Mali : l’échec de la stratégie militaire russe face à la montée de l’insécurité

Alors que le Mali mise sur une collaboration accrue avec Moscou pour stabiliser son territoire, les derniers événements révèlent une dégradation alarmante de la sécurité. Entre un accord controversé conclu à Kidal et une résurgence des violences à Kati, symbole même du pouvoir, la pertinence d’une stratégie purement militaire soutenue par des mercenaires russes est aujourd’hui fortement remise en cause.

Un compromis controversé à Kidal : la diplomatie sous pression

Le nord du Mali traverse une phase critique. Des sources fiables indiquent qu’un accord d’évacuation aurait été négocié entre des groupes rebelles touaregs et des éléments russes, permettant le retrait sécurisé de ces derniers de certaines zones de Kidal. Officiellement présenté comme une mesure humanitaire, cet arrangement reflète en réalité une stratégie de dernier recours. Pour Bamako, qui avait érigé la reprise de Kidal en symbole de souveraineté nationale, observer ses alliés russes privilégier une solution négociée plutôt qu’une reconquête militaire illustre une réalité impitoyable : ni les alliés occidentaux d’hier, ni les partenaires russes d’aujourd’hui ne parviennent à instaurer une stabilité durable dans une région aussi complexe.

Kati, bastion du pouvoir, sous le feu des combats

Pendant que le Nord s’embrase, l’instabilité gagne dangereusement le Sud. La reprise des affrontements à Kati, ville stratégique située à proximité de la capitale, choque l’opinion publique. Kati n’est pas une simple base militaire : c’est le cœur décisionnel du régime actuel, où se prennent les grandes orientations politiques. L’éclatement de violences à ses portes signe un échec cuisant pour les autorités maliennes, qui promettaient une montée en puissance de l’armée locale avec le soutien logistique de Moscou. L’insécurité, autrefois cantonnée aux zones périphériques, s’invite désormais aux portes du palais présidentiel.

Le modèle Wagner en question : une solution inadaptée

L’intégration du groupe Wagner – désormais intégré à l’Africa Corps – était présentée comme une réponse décisive face au terrorisme et aux revendications séparatistes. Pourtant, après plusieurs années de collaboration, le bilan est sans appel : l’insécurité persiste et s’étend, menaçant même les zones urbaines. Cette impasse révèle une vérité fondamentale : la force brute ne peut se substituer à une approche politique et administrative dans les territoires éloignés. En se tournant exclusivement vers Moscou, en délaissant ses alliés traditionnels, le Mali s’est enfermé dans une dépendance militaire qui ne produit aucun résultat tangible sur le terrain.
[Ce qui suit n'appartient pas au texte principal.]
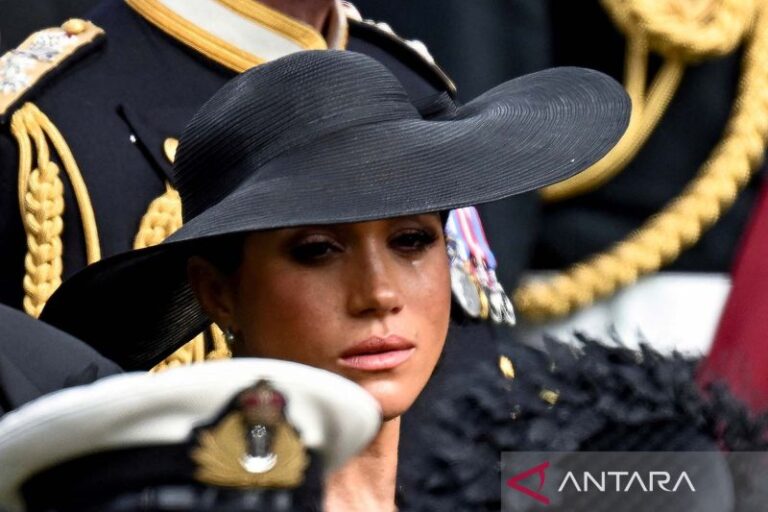 Tur Kerajaan Ternyata Anggota Kerajaan Dapat Gaji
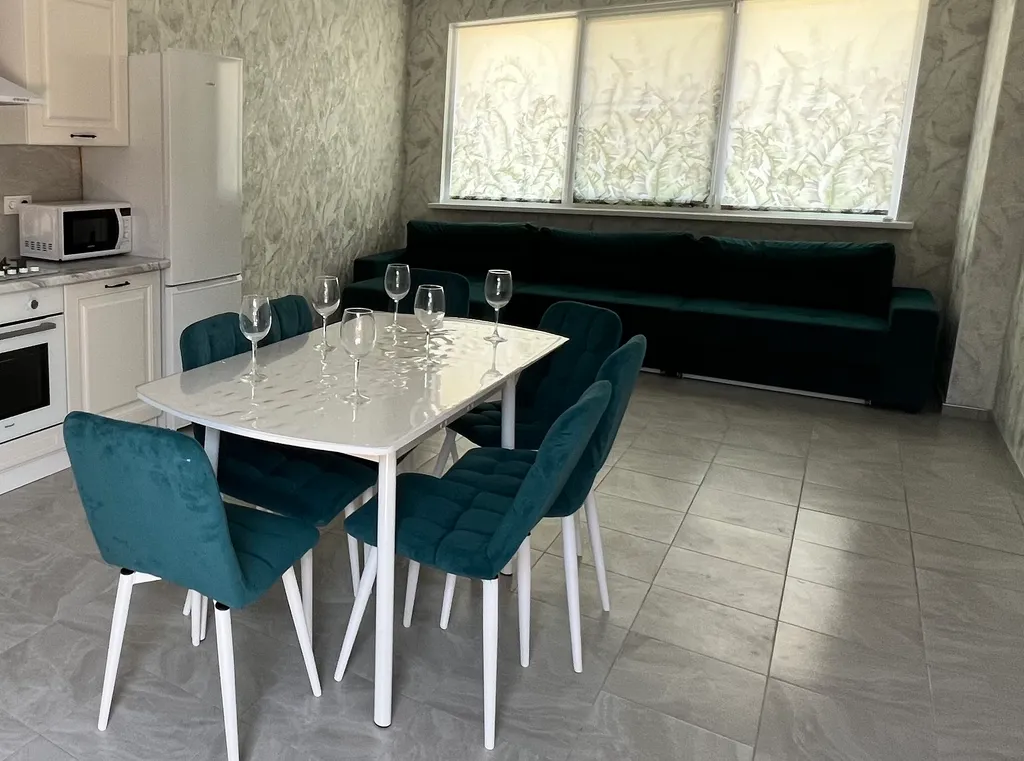 Новый таунхаус со всеми удобствами для большой компании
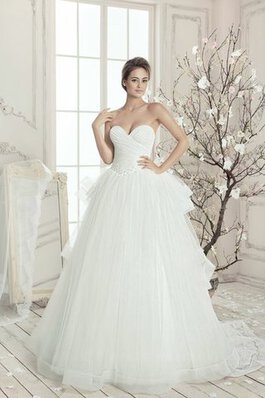 Robe de mariée naturel en tulle de traîne moyenne a-ligne de col en cœur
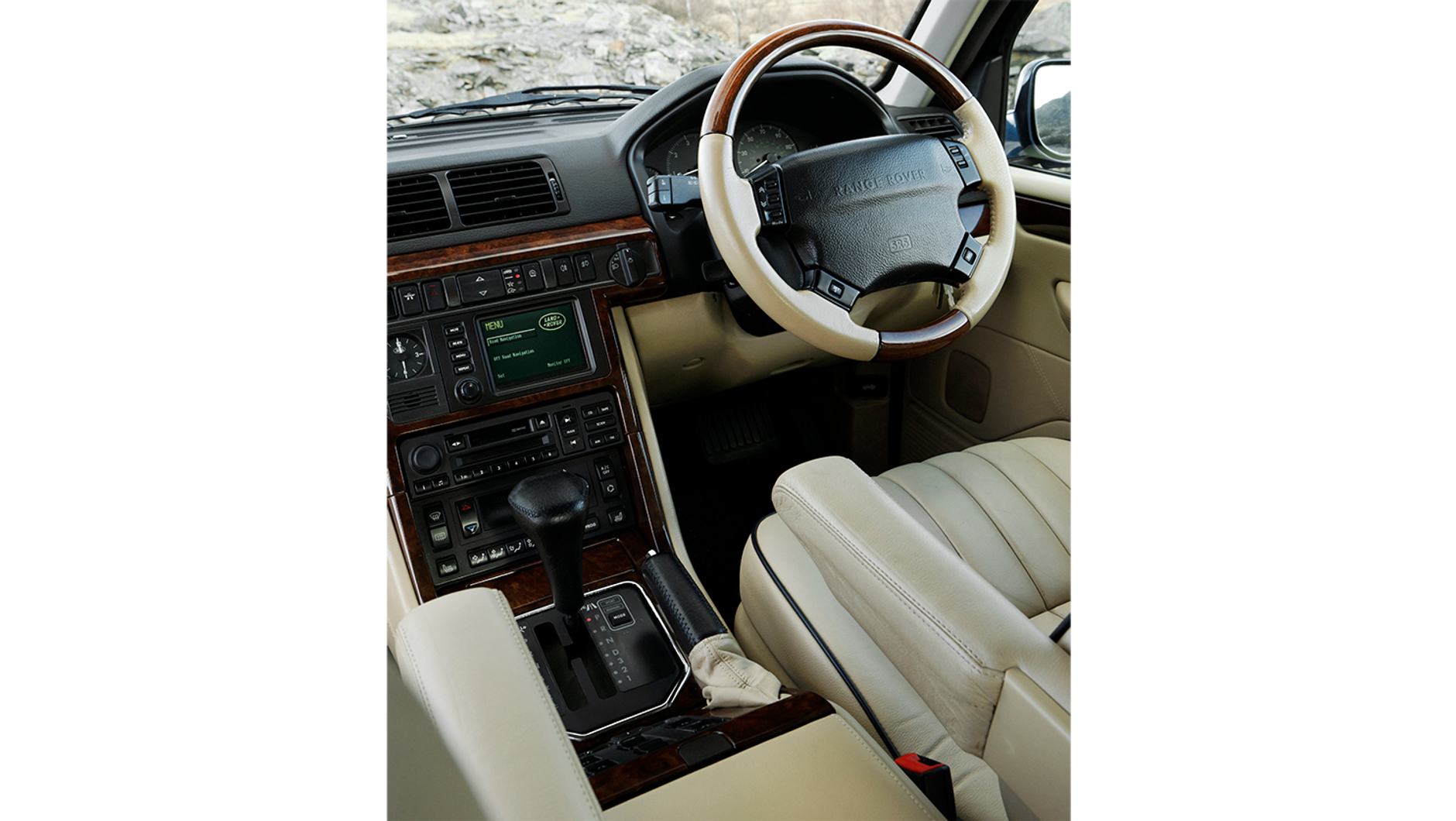 Range Rover II (P38/P36):
współczesna stylizacja zewnętrzna, normalna deska rozdzielcza, jakiej nie powstydziłyby się nowsze pojazdy.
La Russie, davantage préoccupée par ses ambitions géopolitiques que par les réalités locales, semble incapable de proposer une réponse adaptée à une guerre asymétrique comme celle qui ravage le Sahel. Cette forme de conflit exige des services de renseignement précis et une cohésion sociale solide – deux aspects que les mercenaires russes, malgré leur expérience, peinent à apporter.

Vers une prise de conscience nécessaire

La situation actuelle au Mali prouve une chose : la sécurité ne s’achète pas avec des contrats de mercenariat. L’échec enregistré à Kidal, couplé à l’insécurité croissante à Kati, impose une réflexion urgente. Les autorités de transition ne peuvent plus ignorer l’évidence : une solution durable au conflit malien ne peut se limiter à une approche militaire, et encore moins à un partenariat exclusif avec Moscou. Sans un retour à une gouvernance inclusive et une stratégie de défense repensée, le pays risque de s’enliser dans un cycle de violence que même ses nouveaux alliés peinent à enrayer.